Depending on the age group, history and social studies lessons about the origins of ginger as a spice, trading, and recipes can be incorporated. The first gingerbread man cookies are credited to Queen Elizabeth I.
Students will be able to:
- Recall that ginger is a rhizome
- Identify what ginger looks like growing in the garden
- Accurately measure ingredients in a recipe
- Work cooperatively in small groups
- Compare fresh versus dried ginger
Students will be able to:
- Correctly identify ginger in the garden
- Define the word rhizome and give examples
- Successfully work in groups to create a recipe and measure ingredients
- Use the senses and their own descriptive language to compare the differences between fresh and dried ginger
- Gingerbread cookie recipe (see attachment) + all ingredients for each group
- Baking sheets
- Measuring cups, spoons, rolling pins
- Microplane zester for ginger
- A variety of cookie cutters
- Parchment paper and pencils for labeling cookies for each student
- Make sure there is ginger available growing in the garden and harvest and example
- Set up stations for small groups of students (5 students in a group usually works well)
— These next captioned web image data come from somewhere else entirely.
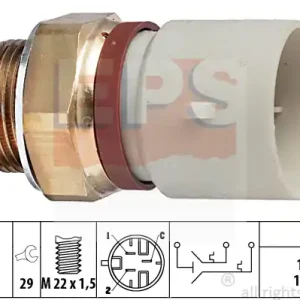Włącznik wentylatora EPS 1.850.674 Darmowa dostawa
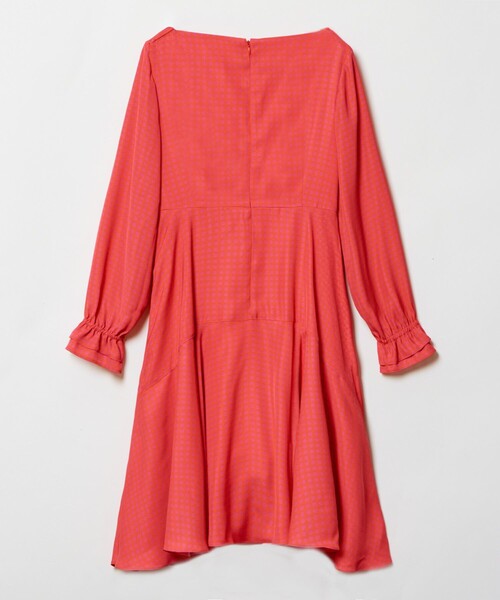 「LOULOU WILLOUGHBY」 長袖ワンピース 2 ピンク レディース_画像8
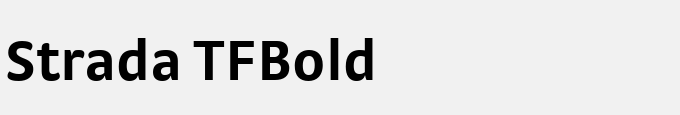 Strada TF-Bold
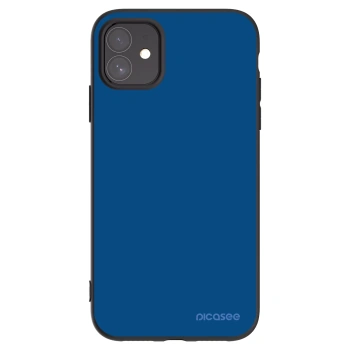 Picasee crna silikonska maskica za Apple iPhone 11 - Navy Blue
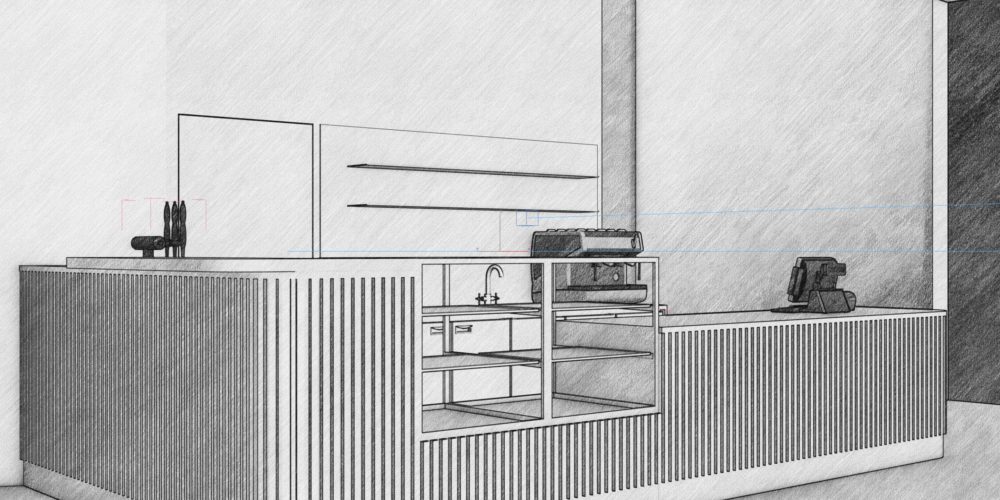 vizuál komerčných priestorov, atelier Archideal Bratislava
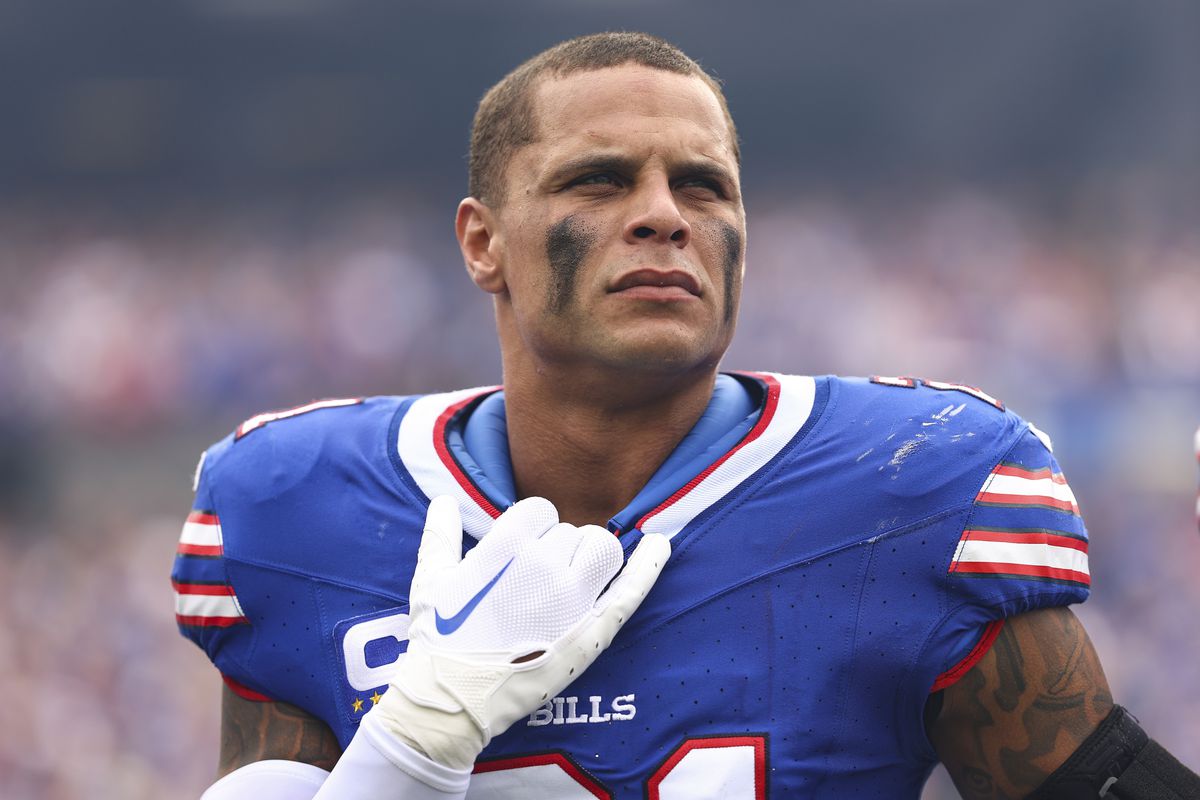 Jordan Poyer's Next Destination Analyzing Potential Fits in 2024 NFL Free Agency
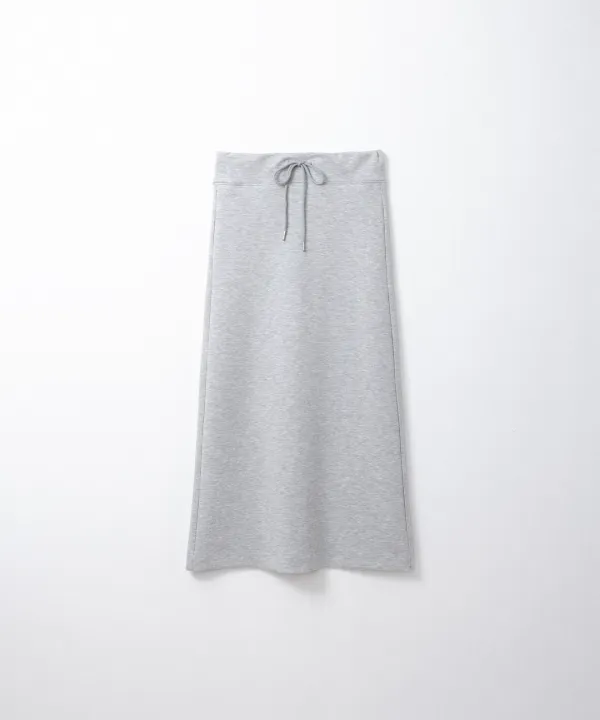 이지 밴딩 롱 스커트 (gray)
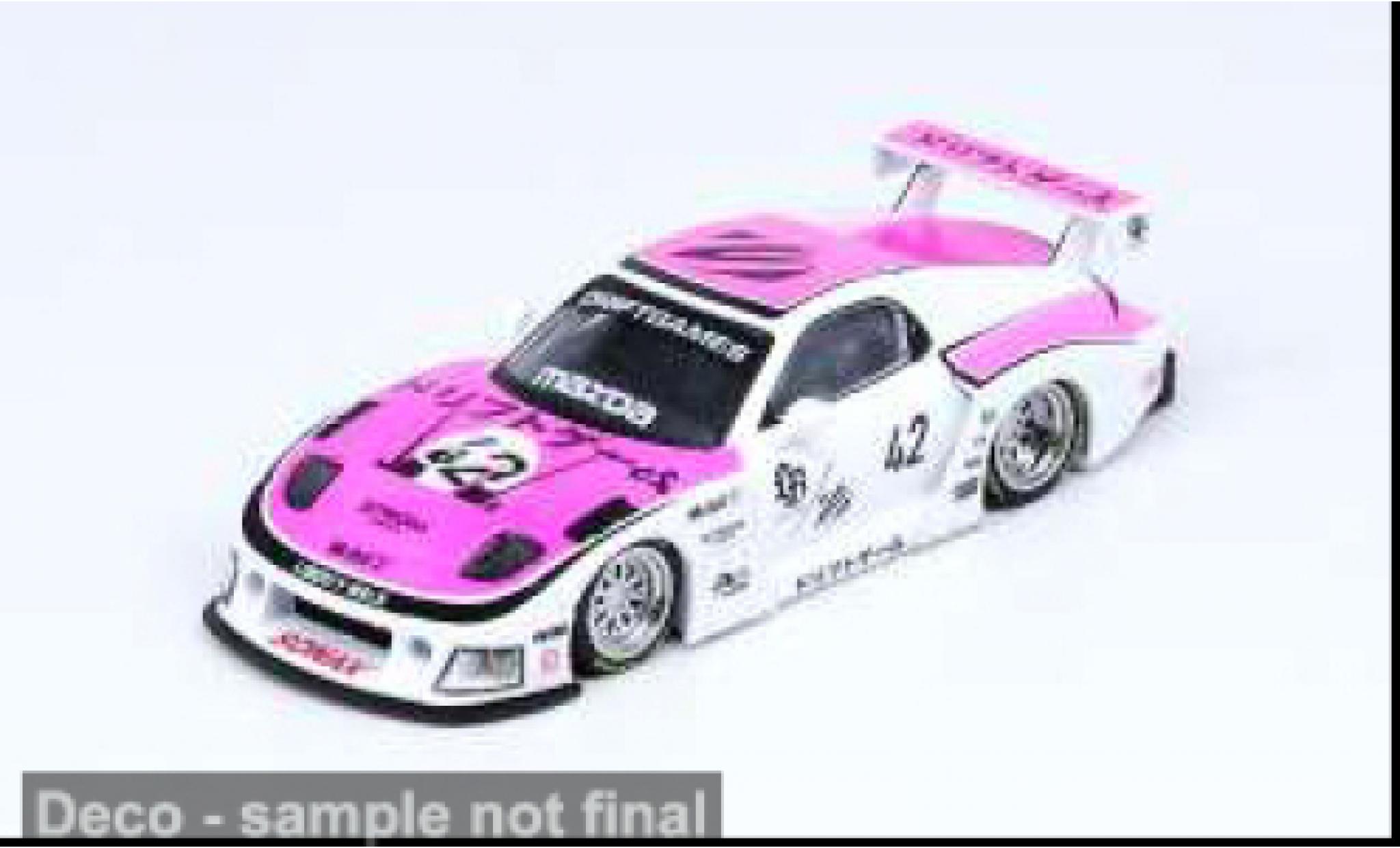 Mazda RX7 1/64 INNO64 (FD3S) LB-Super Silhouette Drift Games 2025 1:64 modelauto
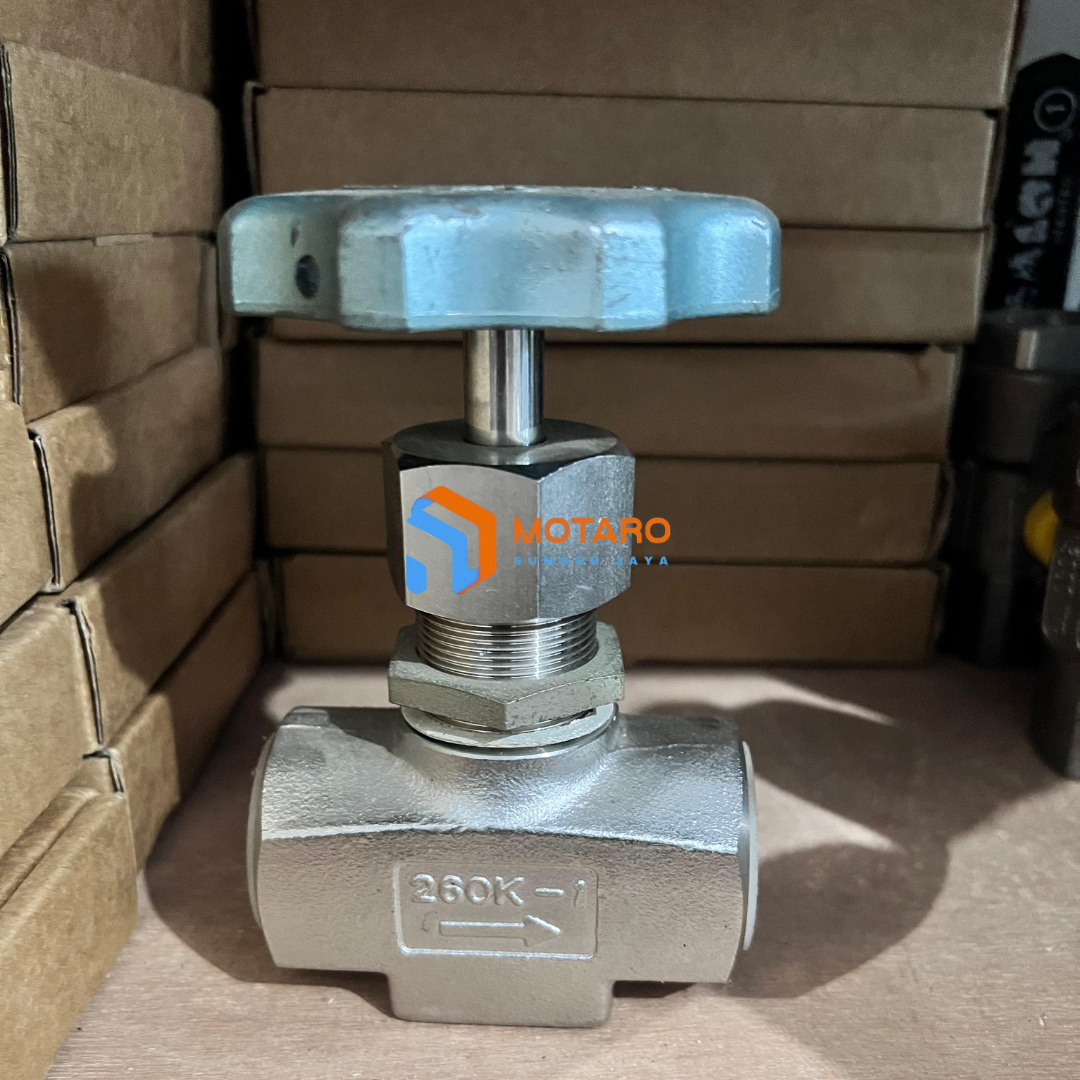 Supplier Needle Valve KITZ 260K, Stainless Steel 316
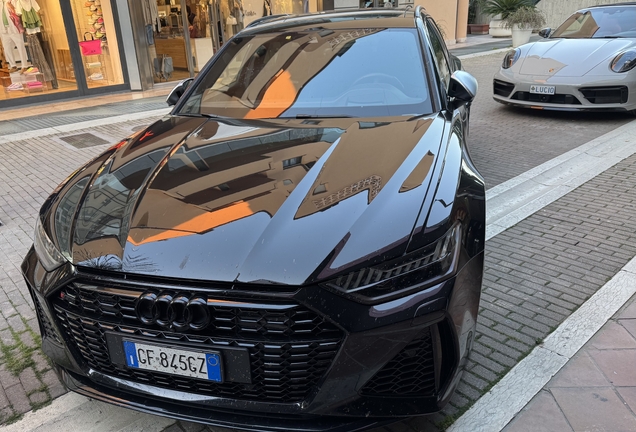 Audi RS6 Avant C8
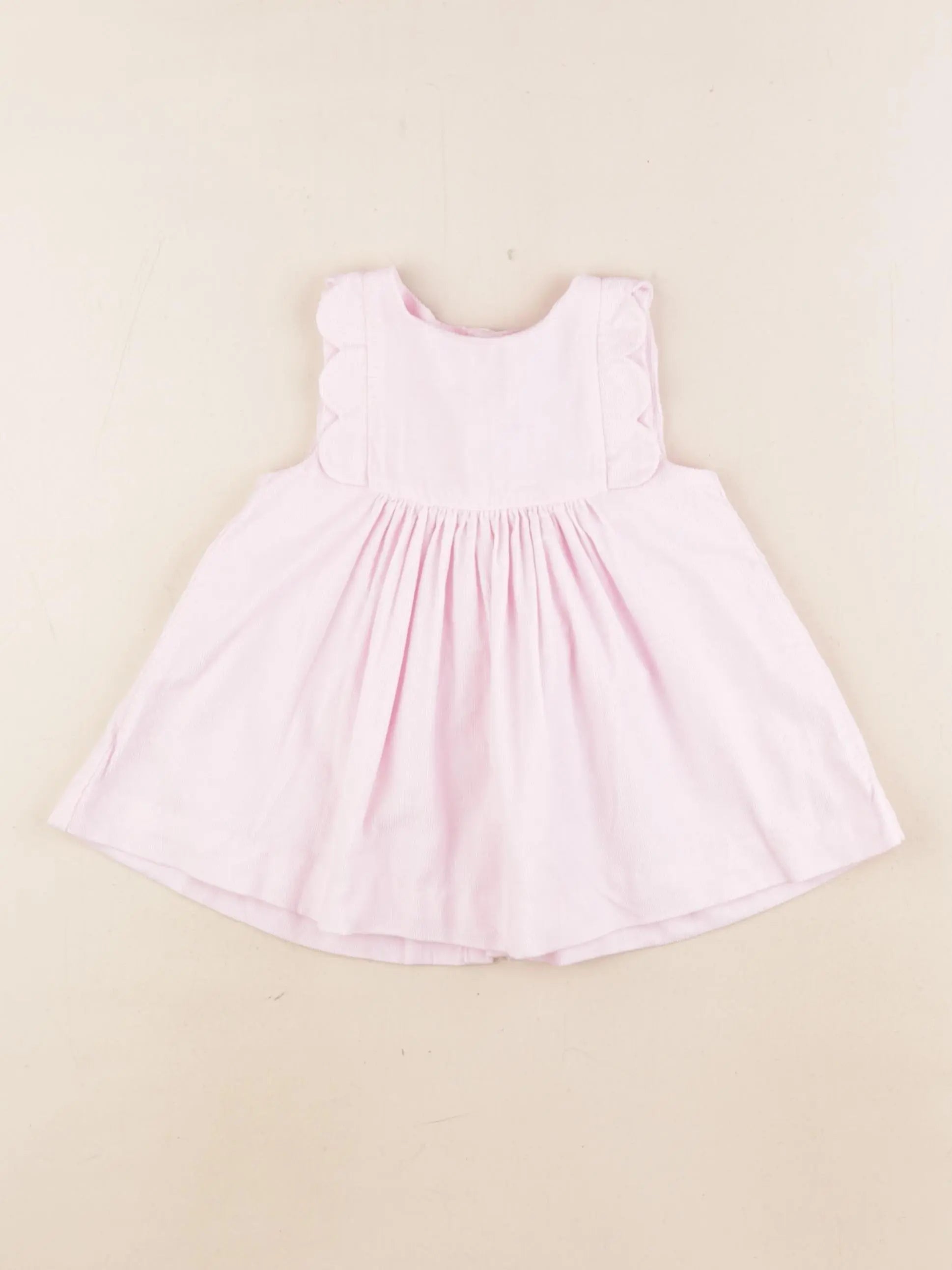 Jacadi - robe rose - 6 mois
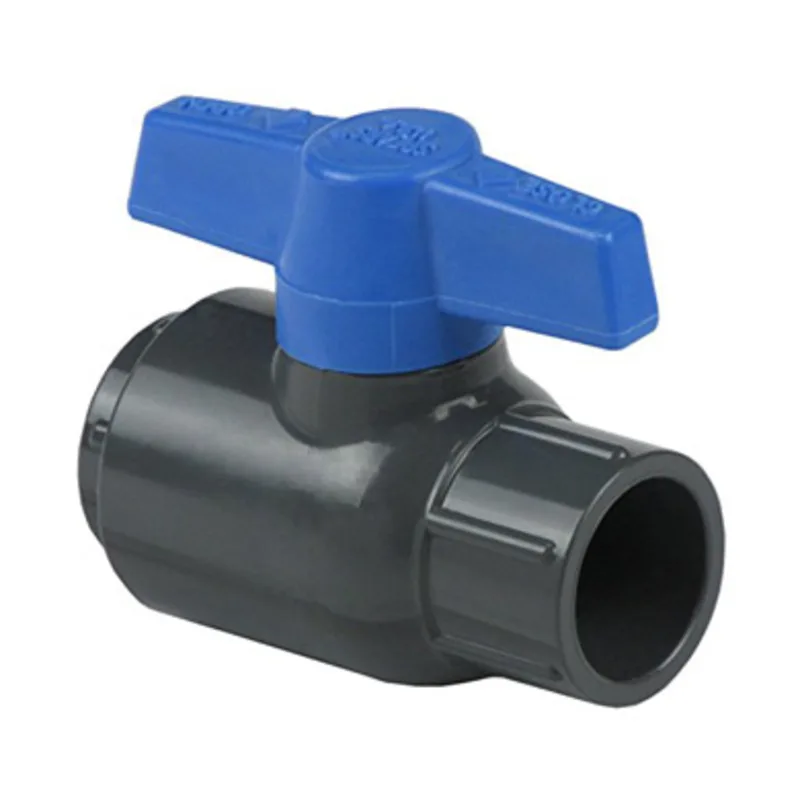 Spears Manufacturing Co 1 in Slip PVC Utility Ball Valve (2622-010G)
- Make sure each station contains a set of measuring cups, spoons, at least 2 rolling pins, parchment and pencils
- Preheat oven and prepare baking sheets
At the opening circle
- Introduce the recipe and lesson for the day
- Ask students to recall their favorite ginger recipe or creation
- Discuss and give examples of rhizomes (depending on the age group)
- Show an example of fresh harvested ginger and ask students how they can identify it in the garden
In the garden
- Divide students into groups to identify the ginger and let each group harvest at least one plant
In the kitchen
- Bring the ginger into the kitchen, remove the leaves and brush off the dirt
- Cut open the fresh ginger to let students smell it and examine fresh versus the dried ginger- ask them to use descriptive language
- Divide into groups and give each group a copy of the recipe (younger age groups will need a volunteer at each table)
- Prepare the recipe as a group, letting each student take a turn with tasks. The dough will need to chill for at least one hour or overnight.
- When the dough is ready, give each student a small piece of dough, a piece of parchment and a pencil to label their cookies. Each student may work independently to roll out dough and cut shapes.
- Decorate cookies and bake according to recipe.